前回もアキラのピンチに全く手を尽くそうとしなかったことと言い、そろそろ、「役立たず」とか「使えねー奴」などと言う、ありがたくないあだ名を頂戴しそうである。
ただでさえアキラを欠いて戦力不足のマスクマンは、ヨロイドグラーとイガムの猛攻に防戦一方となるが、マスクマンに突進しようとしたヨロイドグラーの寄生獣が勝手に外れ、どこかへ飛んで行ってしまう。
そして、タイトルにもあるように、寄生獣が選んだ男は、他でもないアキラであった。
寄生獣は今度は拒絶反応を起こさず、普通の鎧となって、アキラの体にフィットする。
アキラ「地帝剣士ウナス!」
さらに、アキラの目が見えるようになり、その顔つきや性格まで、すっかり別人のように猛々しいものに変わる。
イガム「と言うことはアキラは地底人?」
タケル「なんだとぉ」
この意外な展開には、敵味方双方、驚きを隠せない。
イガム「地帝剣士ウナス、イガム家のために戦え」
戸惑うイガムだったが、とりあえずアキラに攻撃を命じる。
ただでさえ体術に優れていたアキラは、鎧の力を得てますますパワーアップして、4人を相手に縦横無尽に暴れ回る。
その体を押さえようとして吹っ飛ばされたケンタに駆け寄るモモコ。
いやぁ、美女は何をしても絵になりますなぁ。
アキラはタケルたちの呼びかけに一切反応せず、二本の剣を振り回して息つく間もない怒涛のラッシュを見せる。

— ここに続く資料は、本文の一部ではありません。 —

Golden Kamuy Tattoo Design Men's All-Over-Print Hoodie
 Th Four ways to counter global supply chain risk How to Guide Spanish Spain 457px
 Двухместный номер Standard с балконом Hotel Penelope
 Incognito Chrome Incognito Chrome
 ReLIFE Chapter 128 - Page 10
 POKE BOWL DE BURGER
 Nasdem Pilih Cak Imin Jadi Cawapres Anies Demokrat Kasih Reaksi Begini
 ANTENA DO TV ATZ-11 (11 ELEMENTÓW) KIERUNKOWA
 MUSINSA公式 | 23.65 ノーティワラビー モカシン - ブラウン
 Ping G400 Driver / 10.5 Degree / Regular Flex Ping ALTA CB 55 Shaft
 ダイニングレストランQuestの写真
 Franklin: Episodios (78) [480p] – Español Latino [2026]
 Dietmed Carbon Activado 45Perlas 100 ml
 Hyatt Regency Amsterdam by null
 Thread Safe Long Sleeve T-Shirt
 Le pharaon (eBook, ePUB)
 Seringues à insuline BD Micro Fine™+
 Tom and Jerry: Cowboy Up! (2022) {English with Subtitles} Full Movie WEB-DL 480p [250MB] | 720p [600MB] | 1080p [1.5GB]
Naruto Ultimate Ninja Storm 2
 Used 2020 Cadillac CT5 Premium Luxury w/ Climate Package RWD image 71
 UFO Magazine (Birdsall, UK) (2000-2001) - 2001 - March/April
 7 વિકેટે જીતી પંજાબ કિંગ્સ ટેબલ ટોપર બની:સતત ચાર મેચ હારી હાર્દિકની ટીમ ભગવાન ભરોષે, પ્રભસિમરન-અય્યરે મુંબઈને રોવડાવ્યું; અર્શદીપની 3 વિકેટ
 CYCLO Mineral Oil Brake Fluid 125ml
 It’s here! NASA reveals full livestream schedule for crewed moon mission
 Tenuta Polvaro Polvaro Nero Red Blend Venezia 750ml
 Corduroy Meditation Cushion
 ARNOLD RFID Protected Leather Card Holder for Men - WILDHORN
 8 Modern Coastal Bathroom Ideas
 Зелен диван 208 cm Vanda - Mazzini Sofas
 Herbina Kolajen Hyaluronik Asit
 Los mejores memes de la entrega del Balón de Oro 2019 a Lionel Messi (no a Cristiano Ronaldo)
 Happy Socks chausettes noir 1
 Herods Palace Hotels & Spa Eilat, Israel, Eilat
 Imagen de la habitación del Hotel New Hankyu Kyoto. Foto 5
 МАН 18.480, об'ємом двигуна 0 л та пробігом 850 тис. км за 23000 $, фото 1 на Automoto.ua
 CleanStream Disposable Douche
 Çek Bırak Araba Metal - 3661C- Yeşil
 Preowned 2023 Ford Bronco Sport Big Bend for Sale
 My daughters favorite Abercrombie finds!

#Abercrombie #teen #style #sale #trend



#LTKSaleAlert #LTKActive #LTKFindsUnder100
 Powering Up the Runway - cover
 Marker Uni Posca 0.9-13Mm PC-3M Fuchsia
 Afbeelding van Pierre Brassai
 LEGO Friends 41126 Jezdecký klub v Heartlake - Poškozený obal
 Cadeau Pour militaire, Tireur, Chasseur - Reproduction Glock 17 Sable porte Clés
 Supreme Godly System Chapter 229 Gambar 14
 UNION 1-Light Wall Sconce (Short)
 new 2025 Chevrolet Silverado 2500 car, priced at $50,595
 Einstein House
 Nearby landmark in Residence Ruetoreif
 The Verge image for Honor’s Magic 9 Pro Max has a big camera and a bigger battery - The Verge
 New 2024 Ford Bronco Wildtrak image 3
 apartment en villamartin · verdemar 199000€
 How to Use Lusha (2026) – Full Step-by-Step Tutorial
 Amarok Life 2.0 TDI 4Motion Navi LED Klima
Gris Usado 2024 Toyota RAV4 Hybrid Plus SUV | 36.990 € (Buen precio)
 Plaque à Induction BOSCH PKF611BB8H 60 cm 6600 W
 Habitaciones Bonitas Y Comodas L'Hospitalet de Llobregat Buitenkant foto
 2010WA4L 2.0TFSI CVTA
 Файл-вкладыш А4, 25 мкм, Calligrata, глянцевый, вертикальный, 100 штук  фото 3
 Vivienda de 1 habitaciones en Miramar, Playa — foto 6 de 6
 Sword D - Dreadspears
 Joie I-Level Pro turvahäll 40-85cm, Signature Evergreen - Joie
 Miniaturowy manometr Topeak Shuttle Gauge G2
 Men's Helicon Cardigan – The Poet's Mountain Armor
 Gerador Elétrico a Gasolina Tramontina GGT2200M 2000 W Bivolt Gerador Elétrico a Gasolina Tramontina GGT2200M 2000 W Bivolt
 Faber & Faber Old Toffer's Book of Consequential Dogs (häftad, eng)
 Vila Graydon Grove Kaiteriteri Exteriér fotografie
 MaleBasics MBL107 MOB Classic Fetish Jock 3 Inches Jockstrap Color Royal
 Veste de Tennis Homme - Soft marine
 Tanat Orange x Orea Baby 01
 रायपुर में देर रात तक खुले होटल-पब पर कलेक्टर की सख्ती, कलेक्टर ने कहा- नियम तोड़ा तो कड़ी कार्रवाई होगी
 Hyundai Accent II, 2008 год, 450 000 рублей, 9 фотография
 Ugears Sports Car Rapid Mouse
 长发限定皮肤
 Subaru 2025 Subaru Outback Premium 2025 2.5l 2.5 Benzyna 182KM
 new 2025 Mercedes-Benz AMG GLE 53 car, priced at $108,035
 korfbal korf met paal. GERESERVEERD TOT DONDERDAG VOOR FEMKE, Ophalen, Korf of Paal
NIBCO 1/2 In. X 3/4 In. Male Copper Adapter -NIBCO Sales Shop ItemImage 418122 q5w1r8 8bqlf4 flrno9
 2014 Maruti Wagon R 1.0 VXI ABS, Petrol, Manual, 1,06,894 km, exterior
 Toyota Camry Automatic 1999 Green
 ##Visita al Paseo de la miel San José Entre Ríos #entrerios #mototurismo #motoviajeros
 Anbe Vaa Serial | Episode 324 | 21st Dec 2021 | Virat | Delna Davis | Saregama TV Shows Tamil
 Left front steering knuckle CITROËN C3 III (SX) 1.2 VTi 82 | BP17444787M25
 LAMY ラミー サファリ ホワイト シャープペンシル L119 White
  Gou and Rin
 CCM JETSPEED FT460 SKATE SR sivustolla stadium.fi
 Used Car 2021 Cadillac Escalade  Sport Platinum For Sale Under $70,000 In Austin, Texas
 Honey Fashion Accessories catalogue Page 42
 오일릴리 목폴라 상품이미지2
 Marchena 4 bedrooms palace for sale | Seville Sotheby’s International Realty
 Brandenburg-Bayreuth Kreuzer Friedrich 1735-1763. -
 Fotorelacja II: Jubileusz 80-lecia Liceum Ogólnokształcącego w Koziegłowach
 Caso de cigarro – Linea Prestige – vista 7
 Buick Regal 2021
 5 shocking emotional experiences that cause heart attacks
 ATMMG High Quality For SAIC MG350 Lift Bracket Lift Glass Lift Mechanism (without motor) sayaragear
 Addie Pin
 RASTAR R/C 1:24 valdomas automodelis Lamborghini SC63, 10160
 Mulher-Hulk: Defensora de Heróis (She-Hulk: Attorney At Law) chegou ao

振り下ろされた剣を両手で防いだタケルとハルカだったが、同時に腹を蹴られて吹っ飛ばされる。
ハルカ「ああっ」
一回転するハルカのミニスカの奥から、またまたまたまた純白のパンツが覗く。
実にこれで四週連続のパンチラである。
せめて女性スタントが演じてくれていればと、一縷の希望に縋るが、
残念ながら、ハルカ本人のパンツであった。
さらに、
木の上に飛び上がった際、またしてもパンツがくっきりはっきり見えてしまい、管理人、たまらず轟沈。
これがモモコだったらなぁ……
と、アキラの背後からモモコとケンタが飛び掛かるが、やはり通用しない。
それにしても、綺麗な女優さん本人がこれだけアクションしてくれると、なんか嬉しくなるよね。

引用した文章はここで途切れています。